Updated: Nov 10, 2019


Illustration by Savi Swiggard

Public image is an important aspect of our lives and culture. From celebrities to politicians, there is an underlying theme: what looks good is good. This concept can help or hurt us, and it lends itself to new forms of political and social activism. “Attractivism” is a newer word, notably used by former Harry Potter star Evanna Lynch, and is used to describe activism through positivity and interest. Rather than being an aggressive activist, attractivism is about being engaging, interesting, positive and, most importantly, eyecatching.


Attractivism is gaining speed in multiple ways. Celebrities are likely the main source of modern attractivism; those who are famous for their appearances in movies, tv shows or concert stages use their public image to gain attention for issues they care about. Figures like Laverne Cox and Taylor Swift have used their popularity and visibility in the media to speak about oppression and social issues. This theme has morphed as social media has become a prominent way for consumers to get their news and world updates, and more and more activists turn to new ways of promoting the issues they care about.
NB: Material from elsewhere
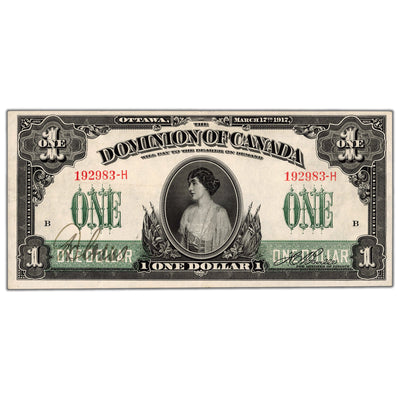 $1 1917 Dominion of Canada Note Boville No Seal Series H DC-23a - EF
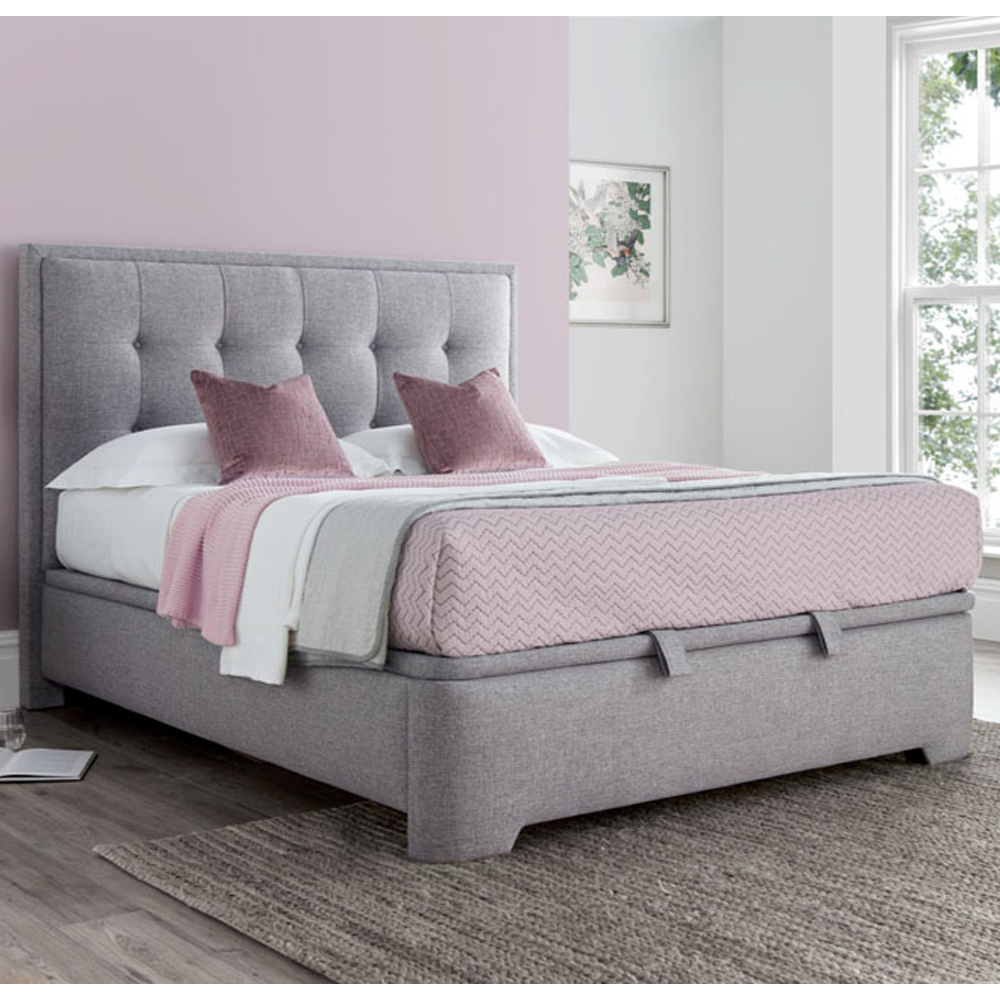 Felton Fabric Ottoman Storage Super King Size Bed In Grey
Following the nationwide internet joke about raiding Area 51, activists and celebrities jumped onto Snapchat and other social media platforms to promote a similar raid of what users are calling ICE “concentration camps,” the facilities where undocumented immigrants are being held. While people did go to the outskirts of Area 51, no major news has come about storming ICE detention centers. It raises the question of how effective attractivism actually is in solving the problems it wants to solve. While it may have been a great way of raising awareness for the ICE detention centers, there was no action.


Attention with no effect seems to be a prevailing theme for attractivism. Numerous politicians have run on campaigns surrounding positivity, forward-thinking and their young perspective. While this was a successful campaign strategy for politicians like former U.S. President Barack Obama and current Canadian Prime Minister Justin Trudeau, these leaders have received criticism for not being quite as forward-thinking as their promises. The one big plus for these politicians, aside from raising awareness or making substantial progress, has been their public image. Many have forgotten Obama’s failures in foreign military crisis and his poor immigration policies due to his charismatic and positive approach to politics being so refreshing. It is also easier to praise Obama’s performance in the office compared to his less-charismatic successor. Currently, Trudeau is starting to feel the heat from Canadians demanding genuine progress. Japan’s new environment minister, Shinjiro Koizumi, emphasizes that the fight against climate change has to be “fun,” “cool” and “sexy.” Koizumi is widely popular in his home country for being charismatic and convincing, but Japan’s lack of presence at the UN climate change summit, in addition to the country’s plans for more coal power plants, puts Koizumi’s words at odds with the direction the nation is taking.


Attractivism seems to be working when one looks at only the appearances and hashtags, but there is a lack of depth to it. Critics of activist movements have begun to turn away from protests and speeches, saying that activists should be more polite and less demanding like the attractivists. While attractivism does not appear to accomplish its own goals, typical activism is losing ground as politics favor the form of activism that doesn’t contradict politicians’ agendas. Activists now have to pick between hashtags and protests. Choosing hashtags lessens the likelihood of change, but choosing protests paints a target on oneself. Moving forward, changing the status quo may need a new look.